Question

Find an explicit rule for the nth term of a geometric sequence where the second and fifth terms are -12 and 768, respectively.

Answer 1

The terms of a geometric sequence can in general be written as \(a\times r^n\), where this is the \(n\)th term, and \(a\) and \(r\) are constants.

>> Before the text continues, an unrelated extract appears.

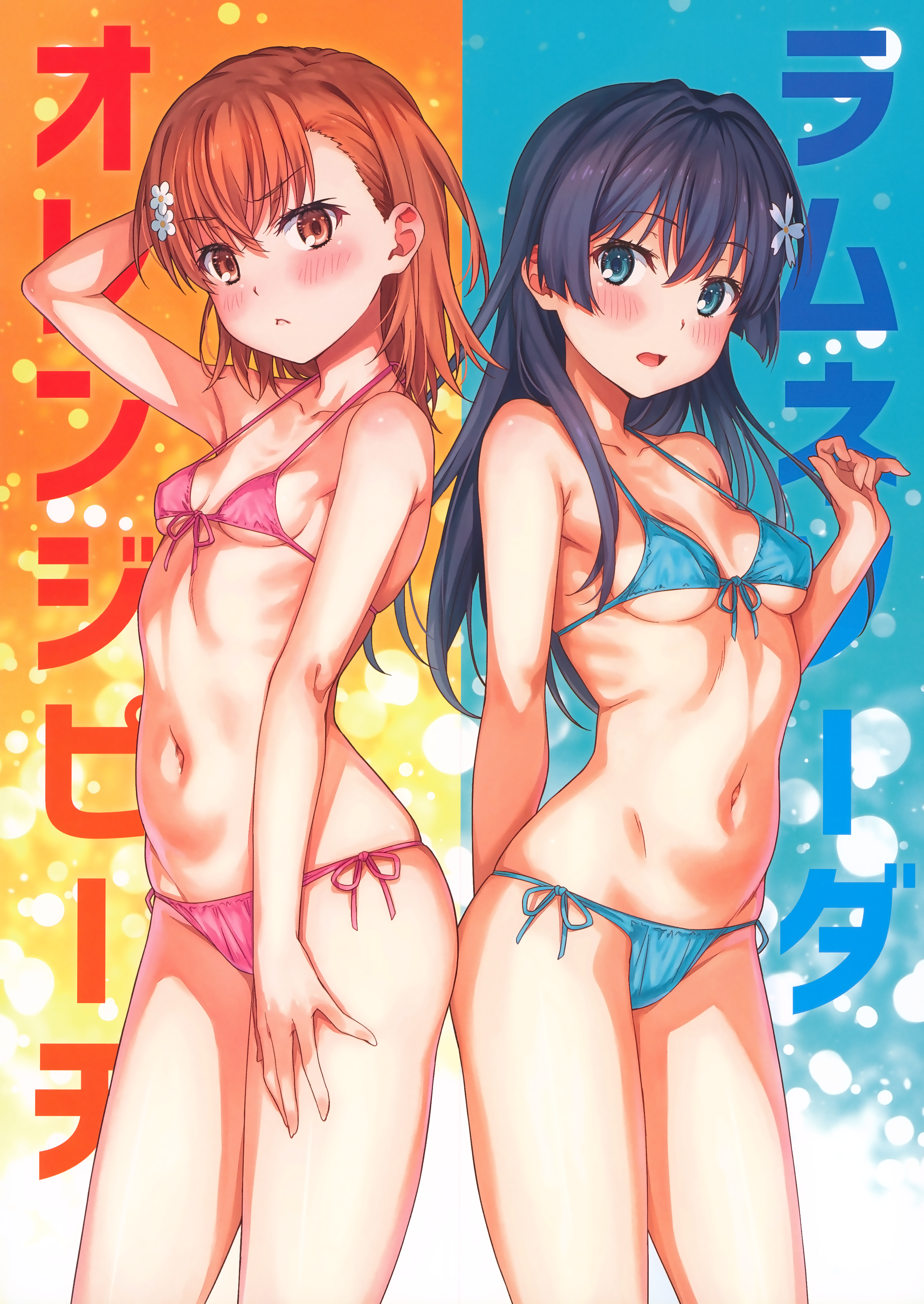 isshi pyuma, misaka mikoto, saten ruiko, toaru kagaku no railgun, toaru majutsu no index, scan, 2023, 20s, 2girls, alternate costume, arm behind back, bare shoulders, bikini, black hair, blue bikini, blue eyes, blush, breasts, brown eyes, brown hair, cleft of venus, collarbone, flower, front-tie bikini top, front-tie top, frown, hair behind ear, hair flower, hair ornament, hairpin, hand on own thigh, long hair, looking at viewer, matching hair/eyes, medium breasts, multiple girls, navel, open mouth, pink bikini, ribs, short hair, side-tie bikini bottom, simple background, small breasts, split screen, standing, stomach, string bikini, swimsuit, thighs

By using the information in your question you can construct two equations that you can solve to find \(a\) and \(r\).

Answer 2

I understand the formula is
\[an=a1∗r ^{n-1}\]
but when I sub in the terms given, I end up trying to do
\[\sqrt{-64} = r\]

Answer 3

The second term is -12 that means that
\[ a\times r^2=-12 \]

Answer 4

\[a * r ^{2} = -12\]\[a * r ^{5} = 768\]

Answer 5

Yes, now you can for example divide the second equation by the first, this means that you divide the left hand side of the second with the first and the same for the right hand side.

Answer 6

This is so we get rid of the \(a\), then you can solve for \(r\) directly.

Answer 7

So when dividing your equations we get
\[\frac{a*r^5}{a*r^2}=\frac{768}{-12} \]
see if you can find \(r\)

Answer 8

\[r ^{3} = -64\] but then you can't have a root of a negative number...

Answer 9

You can't have the square-root of a negative number, but this is not a square-root :p

Answer 10

For cube-roots you can move the minus sign outside the root.

Answer 11

oh, okay. That helps a lot XP \[64 = 4*4*4\]\[r = 4\]

Answer 12

You forgot the minus sign. For example, the cube-root of -8 is \(\sqrt[3]{-8}=-\sqrt[3]{8}=-2\). So if you multiply \(-2*-2*-2\) you get \(-8\).

Answer 13

sorry, no that's wrong \[r = -4\]

Answer 14

realized as soon as I hit post XP

Answer 15

Great! Now use one of your equations which you find easiest with \(-4\) in place of \(r\) to get \(a\).

Answer 16

\[a * r ^{2} = -12\]\[a * (-4)^{2} = 12\]\[a * 16 = -12\]\[a = -12 / 16\]\[a = -0.75\]

Answer 17

That's right, good job :)
This method will always work when you have two terms of a geometric sequence.

Answer 18

thank you!